Although we know nothing about his schooling, he must have had a thorough education, as we would later find that he could read the works of ancient mathematicians in their original language. He must have also been a good student, entering Humboldt University with astronomy, mathematics and physics in 1915.

In those days, professors at Humboldt University conducted the beginners’ classes themselves. This way, they could pick out the gifted students at the very beginning and direct their career accordingly.

Although Siegel entered the Humboldt University with the intention of studying astronomy, he was soon picked up by theoretical physicist Max Karl Ernst Ludwig Planck and mathematician Ferdinand Georg Frobenius. Very soon, under the influence of Frobenius, Siegel gave up astronomy, becoming more interested in number theory.

In 1917, as the First World War progressed, Siegel was conscripted in the army. An antimilitarist, he could not adjust to the army life. For some time, he was also committed to a psychiatric institute; but nothing could change him. Ultimately, he was discharged from the army.
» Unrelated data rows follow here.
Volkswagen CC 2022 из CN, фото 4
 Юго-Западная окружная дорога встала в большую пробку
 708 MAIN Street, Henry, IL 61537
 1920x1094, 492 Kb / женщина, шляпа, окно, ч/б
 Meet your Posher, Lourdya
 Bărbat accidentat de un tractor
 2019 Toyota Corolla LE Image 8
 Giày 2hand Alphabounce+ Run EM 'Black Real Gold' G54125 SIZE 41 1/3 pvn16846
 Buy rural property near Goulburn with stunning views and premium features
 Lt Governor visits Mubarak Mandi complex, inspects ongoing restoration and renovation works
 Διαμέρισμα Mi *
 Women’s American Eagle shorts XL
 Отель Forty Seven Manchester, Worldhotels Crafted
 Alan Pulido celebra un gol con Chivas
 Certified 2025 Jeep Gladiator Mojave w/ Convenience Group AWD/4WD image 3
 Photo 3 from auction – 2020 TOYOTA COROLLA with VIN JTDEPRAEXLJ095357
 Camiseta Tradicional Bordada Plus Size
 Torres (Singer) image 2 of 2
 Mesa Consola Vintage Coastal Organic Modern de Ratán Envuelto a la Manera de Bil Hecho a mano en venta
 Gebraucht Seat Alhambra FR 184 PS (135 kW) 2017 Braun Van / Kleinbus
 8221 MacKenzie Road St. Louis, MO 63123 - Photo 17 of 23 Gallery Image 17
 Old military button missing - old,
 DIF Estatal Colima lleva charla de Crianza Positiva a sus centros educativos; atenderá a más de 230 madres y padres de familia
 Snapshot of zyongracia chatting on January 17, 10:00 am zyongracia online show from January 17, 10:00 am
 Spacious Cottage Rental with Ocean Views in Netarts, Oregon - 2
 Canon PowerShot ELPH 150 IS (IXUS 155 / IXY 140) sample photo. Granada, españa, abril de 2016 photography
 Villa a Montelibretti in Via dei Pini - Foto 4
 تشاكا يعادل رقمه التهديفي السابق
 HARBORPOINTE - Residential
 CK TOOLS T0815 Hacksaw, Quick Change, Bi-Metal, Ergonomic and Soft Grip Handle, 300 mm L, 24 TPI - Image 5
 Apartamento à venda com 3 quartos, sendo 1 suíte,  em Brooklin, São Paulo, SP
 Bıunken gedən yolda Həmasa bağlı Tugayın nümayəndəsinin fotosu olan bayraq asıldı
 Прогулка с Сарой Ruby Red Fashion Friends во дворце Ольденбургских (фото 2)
During his time at the psychiatric institute, Siegel came in contact with Edmund Georg Hermann Landau, a professor of University of Göttingen, working in the fields of number theory and complex analysis. Siegel had later said that he could withstand his experience at the institute only because of Landau.

After being discharged, Siegel did not return to Humboldt University. In 1919, he joined Georg-August University of Göttingen as teaching and research assistant under Edmund Landau. Working under Landau’s guidance, he wrote his dissertation on Diophantine approximations.

In 1920, he received his doctoral degree. His dissertation was considered “a landmark in the history of Diophantine approximations”. Thereafter, he remained with the University of Göttingen, working on various topics, also publishing many groundbreaking papers.

Carl Ludwig Siegel’s work on Roth’s theorem, undertaken in 1921, is one of his major achievements of this period. It established him as an eminent mathematician. Therefore, when in 1922, Arthur Moritz Schönflies, retired from his post at Johann Wolfgang Goethe-Universität of Frankfurt am Main, Siegel was invited to succeed him.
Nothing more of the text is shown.